Appellant asserts that the "package deal" plea bargain offered by the government was inherently coercive. We have recognized "that threats to prosecute or promises of leniency to third persons to induce guilty pleas can pose a danger of coercion" and therefore require special care "to insure that the plea was in fact entered voluntarily and was not the product of coercion." Mosier v. Murphy, 790 F.2d 62, 66 (10th Cir.), cert. denied, 479 U.S. 988, 107 S.Ct. 582, 93 L.Ed.2d 584 (1986). Moreover, we have noted that "the inclusion of such third persons can increase the leverage possessed by prosecutors and therefore imposes upon them a high standard of good faith." Id. (citing United States v. Nuckols, 606 F.2d 566, 568 (5th Cir.1979)). Nevertheless, we have insisted that an accused's choice be respected, and if he " 'elects to sacrifice himself for such motives, that is his choice.' " Mosier, 790 F.2d at 66 (citing Kent v. United States, 272 F.2d 795, 798 (1st Cir.1959)).

The package deal in the instant case survives this standard of "special care." In contrast to the instant case, the previously cited line of cases involved third persons who had particularly close bonds to the accused: either related by marriage or affianced to the accused. 4 The record in the instant case does not indicate any comparable bonds between Appellant and the codefendants offered the package deal. Rather, it appears that Appellant's ultimate acceptance of the plea bargain was not an act of "sacrifice," but rather an attempt to avoid a harsher sentence. Further, there is no claim or indication that the prosecutors in the instant case did not act in good faith in securing Appellant's plea bargain. Therefore, there is nothing to suggest that the structure or application of the package deal was improperly coercive.

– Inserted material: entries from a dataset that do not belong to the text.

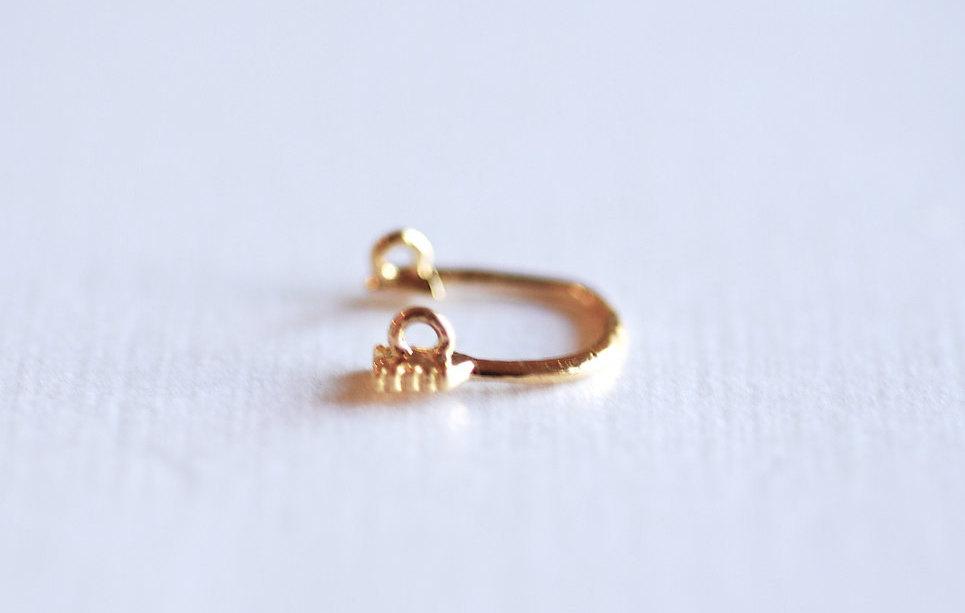 Shiny Vermeil Gold Curved Arrow Connector Charm- 18k gold over Sterling Silver Arrow Connector Charm Link, Thin Bent Arrow Connector, 288 - HarperCrown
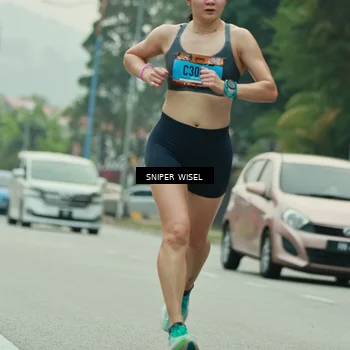 Runner Photo 7046285
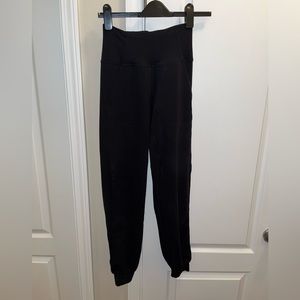 Lululemon high rise joggers, sides open - size 4
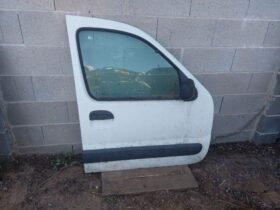 RENAULT Jobb első Ajtó (Részeivel)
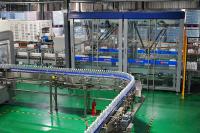 48,000 botellas por hora producción de agua embotellada línea completa incluyendo sistema de tratamiento de agua y soplado, llenado y sistema de tapón sitio del cliente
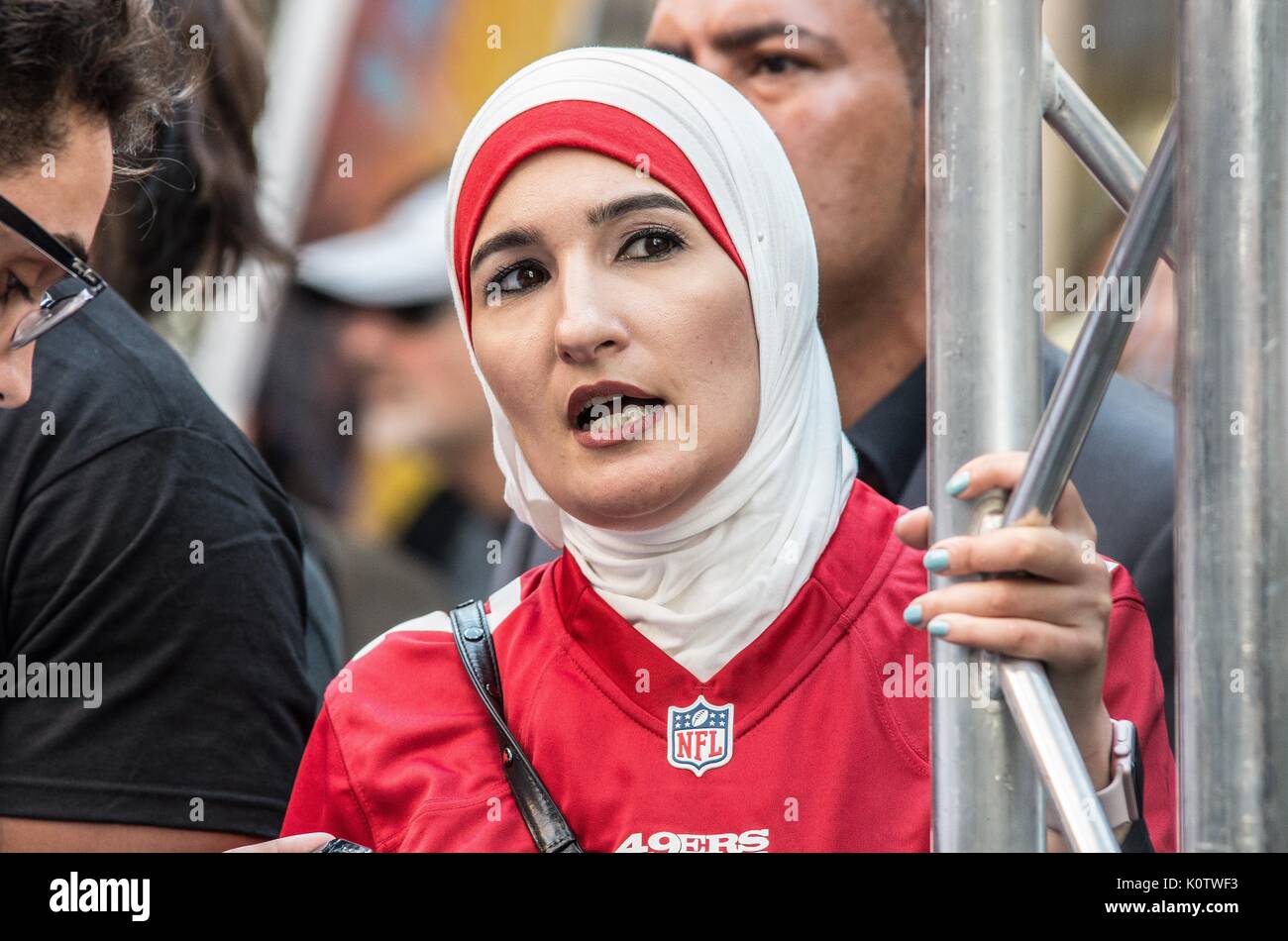 New York City, New York, USA. 23 Aug, 2017. Linda Sarsour März der Frauen wurde ein Lautsprecher. New Yorker sammelten sich hinter Jetzt - unsigned NFL Spieler Colin Kaepernick, die während des Singens der US-Nation. al Hymne seit 2016 sitzen geblieben ist. Kaepernick hat erklärt "Ich stelle mich doch nicht zu stehen, stolz auf eine Flagge für ein Land, das unterdrückt, Schwarze und farbige Menschen zu zeigen." Quelle: ZUMA Press, Inc./Alamy leben Nachrichten Stockfoto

2. Alleged Coercion by Attorneys and Codefendants

Appellant alleges that despite his explicit desire not to enter a guilty plea, his attorney, Michael O'Donnell, together with codefendants and their attorneys, pressured Appellant into accepting the package deal. Appellant claims that he was "hounded, browbeaten and yelled at" by O'Donnell to accept the plea; that O'Donnell collaborated with codefendants' attorneys to force Appellant to accept the plea; and that when Appellant initially refused to acquiesce, O'Donnell called him "stupid" and "a fucking idiot." While these pressures might have been palpable to Appellant, they do not vitiate the voluntariness of his plea; it was still his choice to make. Indeed, the thorough exchange between the court and Appellant during administration of the Rule 11 protocol, quoted supra, clearly demonstrates that Appellant entered his plea willingly and voluntarily at the time he made it.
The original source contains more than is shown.